It's not that Adobe is stuck anywhere, it's rather an odd statement. The gear ... meaning the cameras and the computers/screens/TVs ... is all still primarily designed around Rec.709 for video. There isn't anything else whatever for video color/tonal standards except for the theatrical gear in the two different standards of P3 or the very new HDR material.

 

Web and broadcast are simply not suited for the two pro P3 standards, as they assume a very dark room for the viewer. That leaves Rec.709 for SDR, and the competing strains of HDR for the little that's actually done in full HDR. Which to produce correctly is still incredibly expensive. Frustratingly so, as yes, I'd love to start working with it some.

 

Shoot with nearly any camera, it's assuming you're working in Rec709 as it records the file. A few can shoot a much wider dynamic or color range (separate things, by the bye), which is great. But you then need to wheedle that down to an actual working space for any delivery you choose.

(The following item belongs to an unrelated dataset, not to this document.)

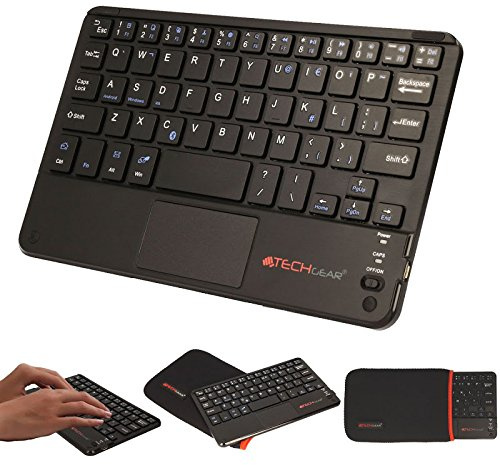 TECHGEAR [Active Strike Pro (Mini) Slim Bluetooth Wireless UK QWERTY Keyboard with Mouse Touchpad for Microsoft Surface Pro, Pro 2017, Pro 4, Pro 3 (Included Keyboard Carry case)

Which means again Rec.709 or a specific form of HDR.

 

And film doesn't have anything to do particularly with any of them. Salvo would know this bit, but so many don't know squat about film today. No film stock had a "color space" as we refer to in digital images. Some were designed for "daylight" exposure, some for "tungsten", to get a proper white balance as we would say now.

 

Film based production had two parts. The shooting of the film, which was normally done on a negative film stock, and was edited ("cut", literally) into bits and re-joined to make the film. Then the second part was taking the joined-together bits and "printing" that with light onto a second film stock, a print stock. This was a positive emulsion on a clear base, and you printed a ton of them to send to movie theaters.

 

 Again, no film stock had quite the same thing as a "color space" as we refer to in digital images. And each film negative stock was quite different from others, and in fact, two production batches of any one stock were amazingly different from each other. It's why the people that worked with it look at the attempt to make "filmic" images from digital, and ask ... so, which exact pairing of a particular batch of neg stock, lab work, printing technique, and print stock do you consider "filmic", as they were all actually unique and different from each other.

 

Further, on scanning film into digital, you apply a transform from the scanned digital image to whatever color space/dynamic range you wish to work in. So film can be brought into any space. And yea, I know some of the people what bring back the film films in digital format, and have sat and talked with them of their work. Fascinating stuff.

 

Like Marc Weilage talking of spending a couple months in-suite with Lucas, as they were re-coloring the orginal Star Wars trio, and Lucas was going over the limitations of working with film, and how much he appreciated being able to 'fix' a lot of things he thought we technical limitations and flaws of shooting with film.

 

However it was shot, we watch it in digital today. Which requires a certain level of color knowledge and management to get right, for whatever benefits it also gives.